Exercise requirements ▸ Below is a listing; retype exactly the lines between the one containing "Daily Wear Cz" and the one containing "slim XS Positionsleuchte", inclusive, minus the pictures.

START Data extracts

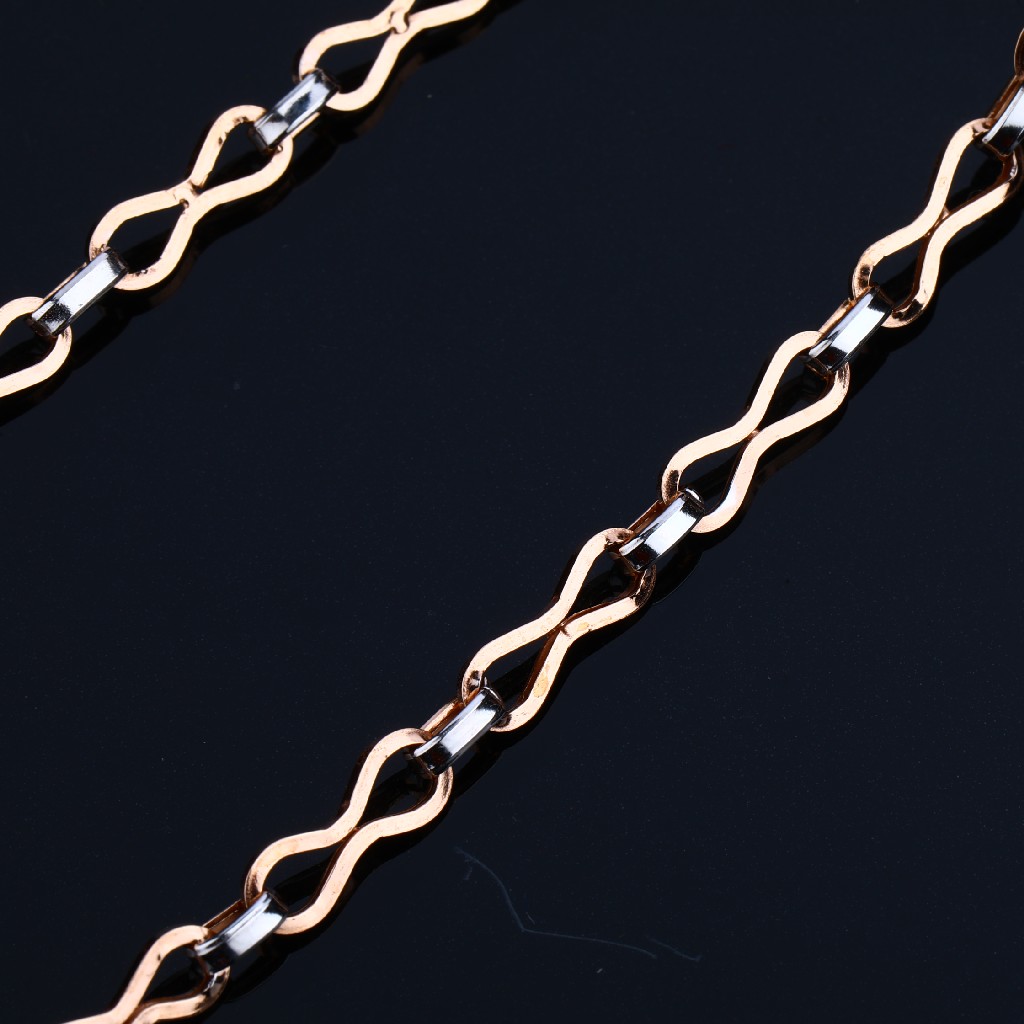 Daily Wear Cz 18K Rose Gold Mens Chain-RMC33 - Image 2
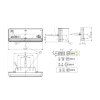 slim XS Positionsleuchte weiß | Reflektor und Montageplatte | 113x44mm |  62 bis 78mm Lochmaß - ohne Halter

END Data extracts
START Data extracts

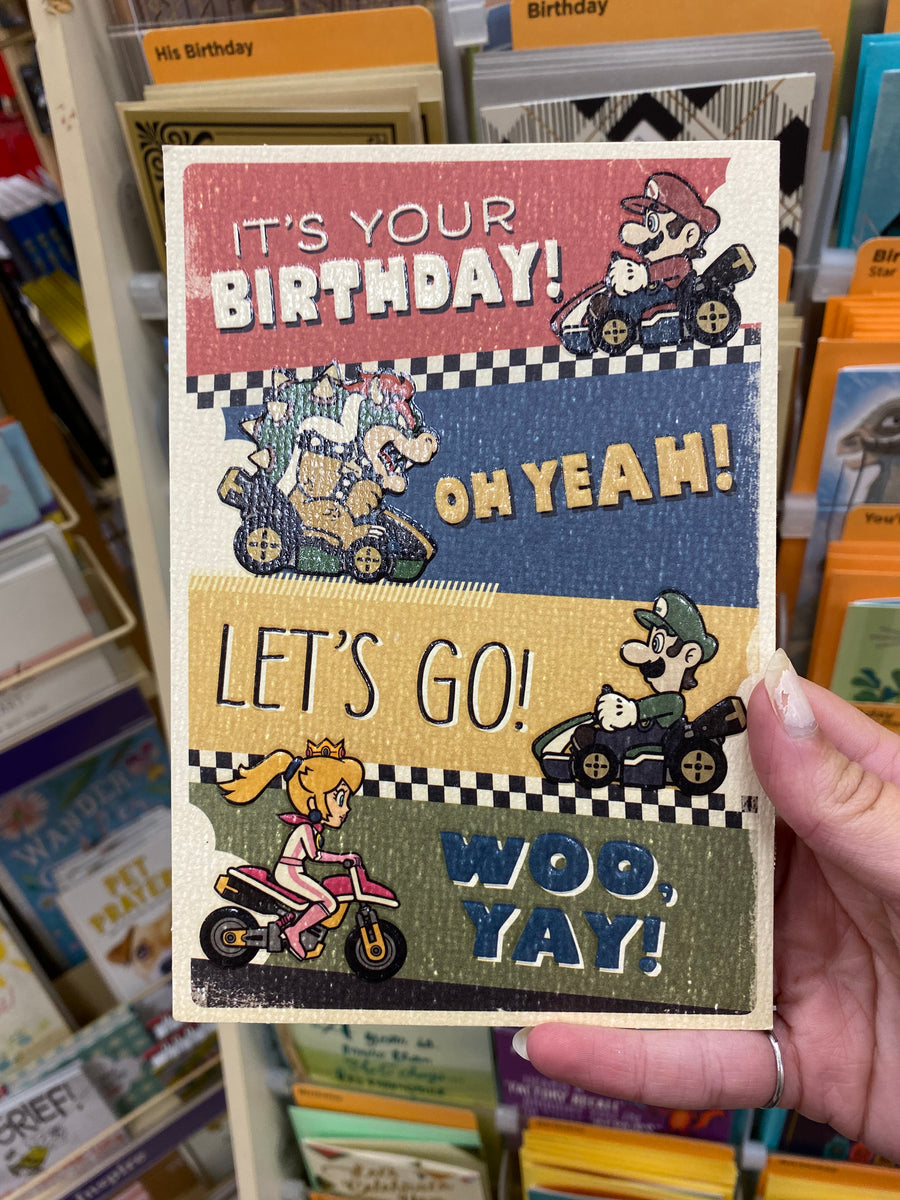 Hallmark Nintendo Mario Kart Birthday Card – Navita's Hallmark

END Data extracts

Response area ▸
 Daily Wear Cz 18K Rose Gold Mens Chain-RMC33 - Image 2
 slim XS Positionsleuchte weiß | Reflektor und Montageplatte | 113x44mm |  62 bis 78mm Lochmaß - ohne Halter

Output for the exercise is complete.